Therefore, the results are different for S polarization (E-field vector sticking out of the paper if you draw the interface) and P polarization (E-field vector within the incidence plane). For convenience, the calculator also computes an average result corresponding to unpolarized light.

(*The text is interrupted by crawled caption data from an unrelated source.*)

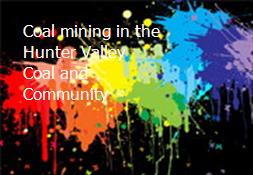 Coal mining in the Hunter Valley Coal and Community Powerpoint Presentation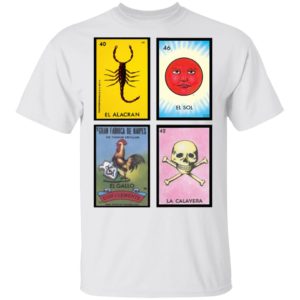 Loteria 40 El Alacran 46 El Sol 1 El Gallo Don Clemente 42 La Calavera Shirt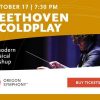 Oregon Symphony Presents Beethoven v Coldplay @ Arlene Schnitzer Concert Hall | Eroica Sympohny w/ Coldplay Lyrics OS_web-ad_19_SP05_BeethovenVColdPlay_600x450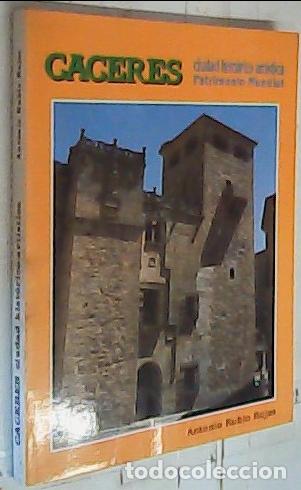 B&uuml;cher: C&aacute;ceres : ciudad hist&oacute;rico art&iacute;stica. Patrimonio mundial - Rubio Rojas, Antonio: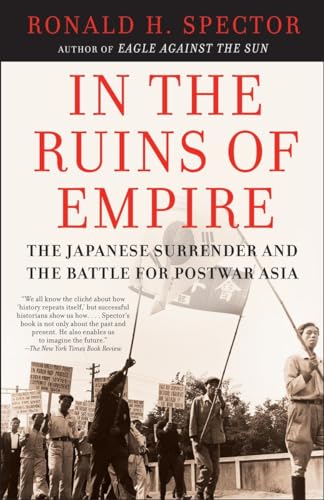 In the Ruins of Empire: The Japanese Surrender and the Battle for Postwar Asia (9780812967326) by Spector, Ronald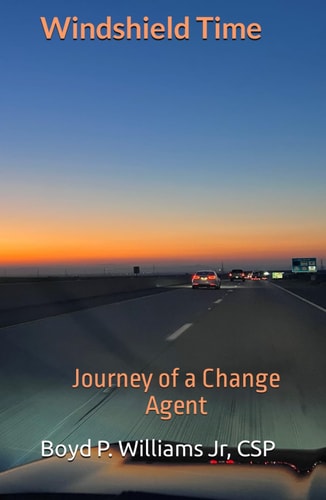 Windshield Time Journey of a Change Agent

Additionally, this calculator computes the refraction angle, the angle for total internal reflection (TIR) and Brewster's angle. TIR can occur only if material 2 has a lower refractive index than material 1 and even then the incidence angle must be larger than a so called critical angle. Brewster's angle is a special incidence angle which results in P polarized being completely transmitted (i.e. the reflected beam is purely S polarized). It, like the TIR critical angle, depends only on the materials' refractive indexes.

The refraction angle $\theta_2$ can be computed from Snell's law as

$\theta_2 = \arcsin\left(\dfrac{n_1}{n_2} \sin{\theta_1}\right)$

where $n_1$, $n_2$ are the refractive indexes of materials 1 and 2, respectively and $\theta_1$is the angle of incidence.

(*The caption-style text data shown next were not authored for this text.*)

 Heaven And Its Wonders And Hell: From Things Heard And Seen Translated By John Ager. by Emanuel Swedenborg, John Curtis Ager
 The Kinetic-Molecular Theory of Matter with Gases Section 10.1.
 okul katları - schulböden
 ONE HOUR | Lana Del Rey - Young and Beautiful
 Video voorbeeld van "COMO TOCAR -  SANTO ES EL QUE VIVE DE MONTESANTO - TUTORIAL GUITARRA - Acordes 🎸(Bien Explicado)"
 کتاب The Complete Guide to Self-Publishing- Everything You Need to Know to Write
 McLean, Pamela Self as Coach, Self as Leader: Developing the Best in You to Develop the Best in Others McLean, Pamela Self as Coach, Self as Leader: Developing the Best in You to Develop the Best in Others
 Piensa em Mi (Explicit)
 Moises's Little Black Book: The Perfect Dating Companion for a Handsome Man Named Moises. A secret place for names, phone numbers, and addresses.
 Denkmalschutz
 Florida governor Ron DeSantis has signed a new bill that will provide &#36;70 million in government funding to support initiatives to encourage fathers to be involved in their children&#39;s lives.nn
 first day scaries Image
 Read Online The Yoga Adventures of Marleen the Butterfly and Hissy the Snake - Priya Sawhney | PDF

The TIR critical angle corresponds to $\theta_2 = 90^{\circ}$ in the previous equation. This is true when

$\dfrac{n_1}{n_2} \sin{\theta_1} = 1$
$\theta_1 = \arcsin\left(\dfrac{n_2}{n_1}\right)$

The Fresnel equations giving the amplitude reflection and transmission coefficients for S and P polarized light are

$r_s = \dfrac{n_1 \cos \theta_1 - n_2 \cos \theta_2}{n_1 \cos \theta_1 + n_2 \cos \theta_2}$
$t_s = \dfrac{2 n_1 \cos \theta_1}{n_1 \cos \theta_1 + n_2 \cos \theta_2}$
$r_p = \dfrac{n_1 \cos \theta_2 - n_2 \cos \theta_1}{n_1 \cos \theta_2 + n_2 \cos \theta_1}$
$t_p = \dfrac{2 n_1 \cos \theta_1}{n_1 \cos \theta_2 + n_2 \cos \theta_1}$

Power reflectivity and transmission is then calculated as

$R_{s,p} = \left|r_{s,p}\right|^2$
$T_{s,p} = \dfrac{n_2 \cos \theta_2}{n_1 \cos \theta_1} \left|t_{s,p}\right|^2$

where transmission requires an extra scaling factor. The unpolarized case is computed simply as an average between S and P polarizations. The reflected and transmitted powers are computed by multiplying the incident power by $R_{s,p}$ and $T_{s,p}$.

The condition for Brewster's angle $\theta_B$ can be derived by setting $r_p = 0$. This results in

$\theta_B = \arctan \left( \dfrac{n_2}{n_1} \right)$